Hi, im having a little trouble with this proof:

Let n be a positive integer. What is the largest binomial coefficient $$C(n,r)$$ where r is a nonnegative integer less than or equal to n? Prove your answer is correct.

So let $$r = \lfloor{\frac{n}{2}\rfloor}$$ or $$r = \lceil{\frac{n}{2}\rceil}$$ then $$\left( \begin{array}{c} n \\ r \end{array} \right)$$ is the largest binomial coefficient.

Now im having trouble with the proof. Where do i begin?
Maybe something like this?

$$\left( \begin{array}{c} n \\ \lfloor \frac{n}{2} \rfloor \end{array} \right) = \frac{n!}{\left(\lfloor \frac{n}{2} \rfloor \right)! \left(n - \lfloor \frac{n}{2} \rfloor \right)!} = ......$$

Am i on the right track?

2. Mar 4, 2004

Staff Emeritus
Yes you are on the right track. There are two cases depending on whether n is odd or even. Obviously the middle values are the biggest, just think of the Pascal triangle.
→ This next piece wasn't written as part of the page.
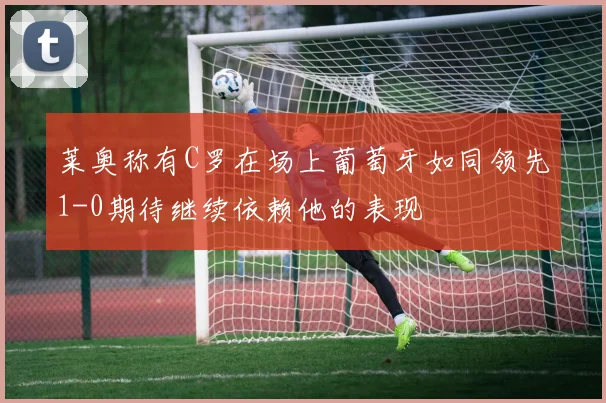 莱奥称有C罗在场上葡萄牙如同领先1-0期待继续依赖他的表现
Then I suppose you would prove that (in the even case) C(n,n/2) > C(n,r) for r < n and r not equal n/2. Consider writing n as 2m, so n/2 = m, and splitting out the facors: C(n,m) = n(n-1)...(m+1)/m(m-1)...1 compared to C(n,r) = n(n-1)...r/(n-r)(n-r-1)...1, and match factors.

3. Mar 5, 2004

### matt grime

you can proceed as follows:

note that $$\binom{n}{r}=\binom{n}{n-r}$$ and that it thus suffices to show that the coeffs for r=0 to [n/2] (integral part) are increasing.

This follows from a *careful* induction argument (it's best to have two base cases going for n=2 and 3 say).